Figure 1: The CSRmesh board helps create smart lighting and other home-automation products.
A CSRmesh development board containing an RGB LED and dimmer pushbuttons (Figure 1) allows a quick start for developing CSRmesh applications such as lighting, home automation or sensor networks. Three of these boards are included in the CSRmesh Development Kit, which also provides a software development environment, example applications for the development board, and example host smartphone apps with Android and iOS® source code. Details of a support package created by CSR partner Avi-on provides further insight into developing home-automation products using CSRmesh. The package includes plug and play firmware, a home-automation smartphone app (Figure 2) that can be downloaded from the Apple App Store or Google Play, and a pre-certified module based on the CSR1010.
Figure 2: The Avi-on app is one of the first to control home automation directly via CSRmesh technology.
CEL (California Eastern Laboratories) is using the CSR1010 transceiver at the heart of its B1010SP0 MeshConnect™ mini modules that support the CSRmesh protocol and provide a low-risk Bluetooth Smart solution suitable for use in mesh networks. The modules are footprint-compatible with ZigBee and Thread-based Modules by CEL, and can be used with CEL’s Cortet™ IoT software and mobile app. The modules simplify hardware design by integrating key components as shown in Figure 3. Development can take advantage of the µEnergy Starter Development Kit, which contains CSR’s µEnergy Platform software and CEL’s hardware components and documentation that enable a fast design start.

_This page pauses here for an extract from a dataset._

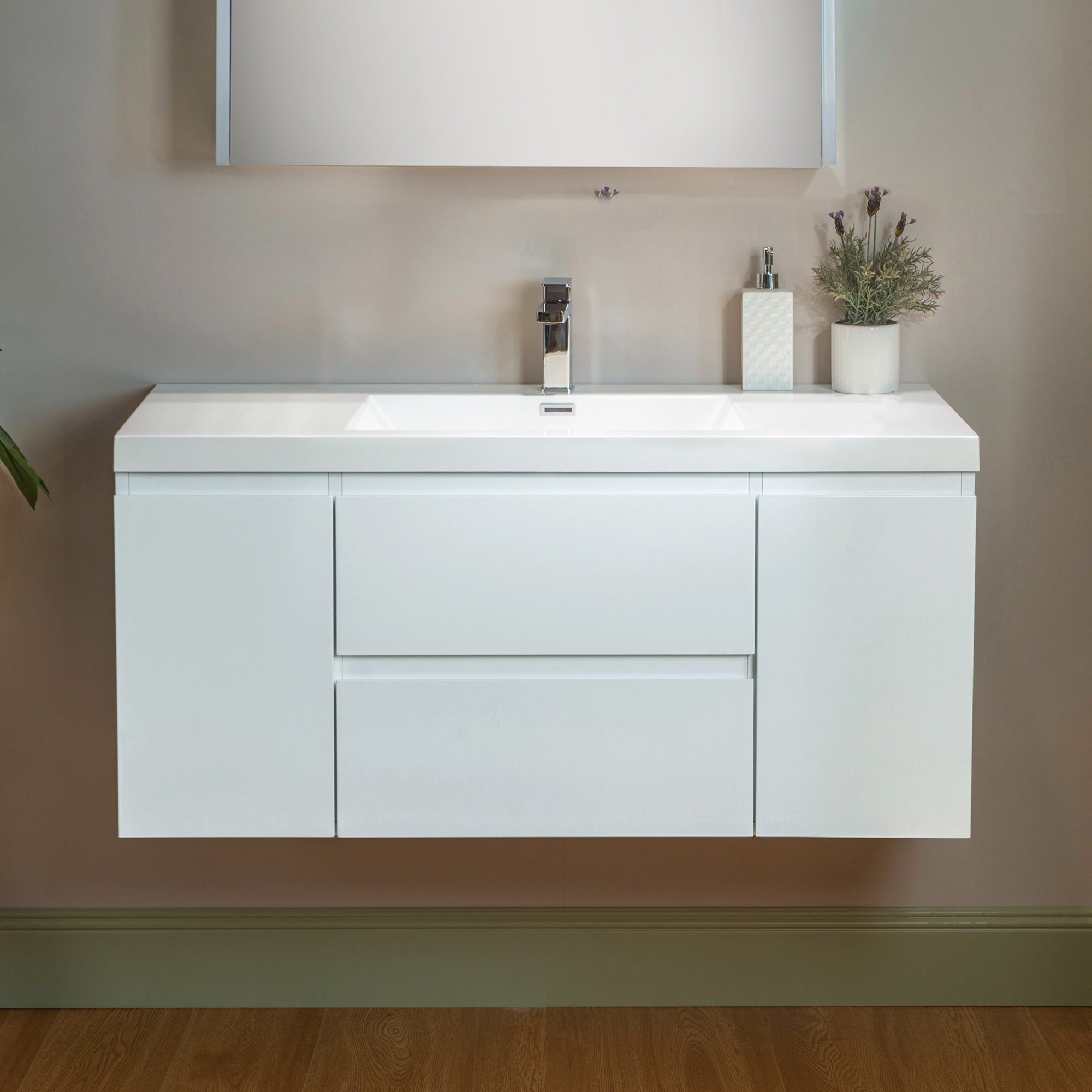 WOODBRIDGE 23-5/8 in. W x 19-5/8 in. D Wall Mounted Floating Vanity in Glossy White with Resin Composite Vanity Top in Glossy White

Figure 3: CEL’s MeshConnect modules simplify development based on CSRmesh and the CSR1010 transceiver.
Standardization in progress
A logical next step for Bluetooth mesh networking is for the Bluetooth SIG to standardize a protocol. This should help to promote the use of Bluetooth in smart-building applications. The SIG has been working towards this objective since 2015, when it appointed the Bluetooth Smart Mesh Working Group. A number of proposals have been under consideration, including CSRmesh, and the SIG should be ready to adopt profiles soon.
Perhaps anticipating a favorable industry response to the standardization of Bluetooth Mesh, ON World has projected that Bluetooth will surge from 7% of residential unit sales in 2014 to become the second largest smart lighting technology by the end of 2019.